"En raison des ralentissements pour le fret à Calais, nos camions étaient bloqués en fin de semaine, raconte Nicolas Roche, le directeur général du Bief. Le stand est finalement arrivé 48 heures plus tard et les 2 500 livres n'ont eu que 24 heures de retard. Heureusement, nous avons toujours une marge de sécurité et nous avons réussi à tout monter à temps grâce à l'efficacité de nos équipes, du standiste et de l'Institut français". Côté éditeurs, à l'exception des plus malins qui avaient opté pour l'avion, beaucoup, comme Livres Hebdo, ont piétiné plus de trois heures gare du Nord, afin de monter dans un Eurostar lundi 11 mars.
Mardi, les retards n'atteignaient plus que 50 minutes et en fin de matinée, la plupart des professionnels avaient réussi à passer sous la Manche. Seuls quelques directeurs de maison, qui avaient prévu de venir pour 24 heures comme Guillaume Allary par exemple, ont annulé leur déplacement.
L'ombre du Brexit
Trois votes vont émailler la semaine au Royaume Uni, dont celui des parlementaires britanniques qui doivent voter pour la deuxième fois, mardi 12 mars, sur le traité de retrait [actualisation: le vote a été rejeté à une large majorité dans la soirée]. Mercredi 13 mars, il y aura un vote sur une sortie de l’Union européenne sans accord (Hard Brexit) et jeudi un autre vote sur un report de la sortie de l’UE. Le Brexit est aussi au cœur des préoccupations à la foire de Londres. Stephen Page, P-DG de Faber & Faber appelait ses confrères, lors de son discours à la conférence Quantum lundi 11 mars, à "faire preuve de courage" face au Brexit et prédit "désordre et chaos" dans le marché des droits et sur les questions territoriales.
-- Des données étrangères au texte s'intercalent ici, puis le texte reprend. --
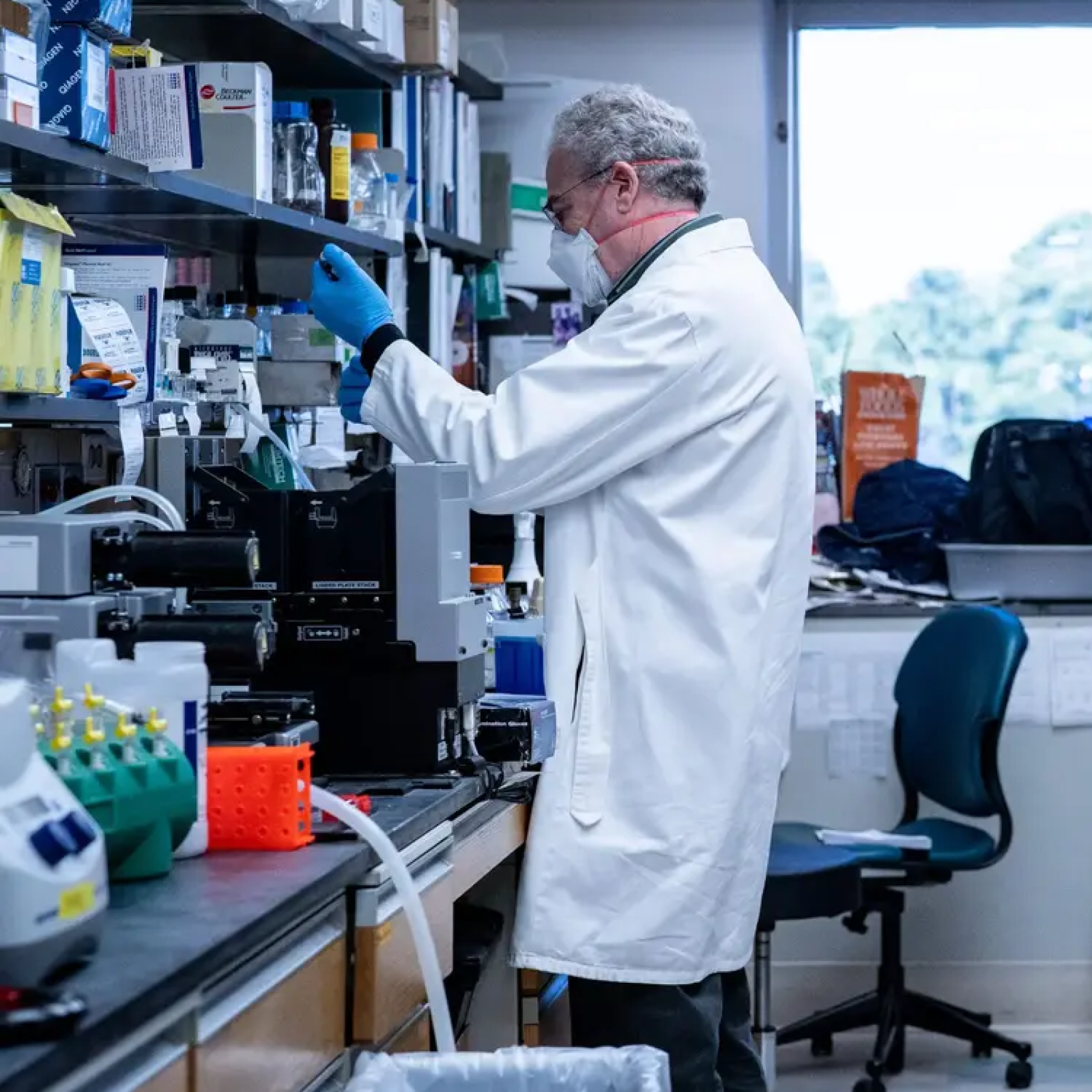 Researcher in white lab coat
En cause notamment, l'obtention pour les éditeurs britanniques des droits de langue anglaise pour le territoire européen. Comme l'avait mentionné Carolyn Reidy, P-DG de Simon & Schuster US, en 2017 lors de la foire de Francfort, "l'argument d'un accès libre de droits au marché européen que les éditeurs britanniques brandissent pour s'emparer des droits exclusifs sur l'Europe ne sera plus valable".
Règle de l'OMC
" Dans le cas d’un scénario de “no deal”, nous avons de notre coté les règles de l’OMC qui ne prévoient pas de droits de douane sur les livres, explique Laurence Harvie, directrice du marketing et de la communication de Thames & Hudson. Par contre il y aura très certainement des retards à la frontière pour les importations comme les exportations. Nous prévoyons de planifier très en avance tout en jouant sur nos bonnes relations avec nos agents d’import-export." Pour une entreprise internationale comme cet éditeur d'art, "des restrictions sur la libre circulation des personnes nous feraient du mal car Thames & Hudson, qui est une compagnie internationale créant des livres pour un marché international, emploie de nombreux Européens à tous les niveaux."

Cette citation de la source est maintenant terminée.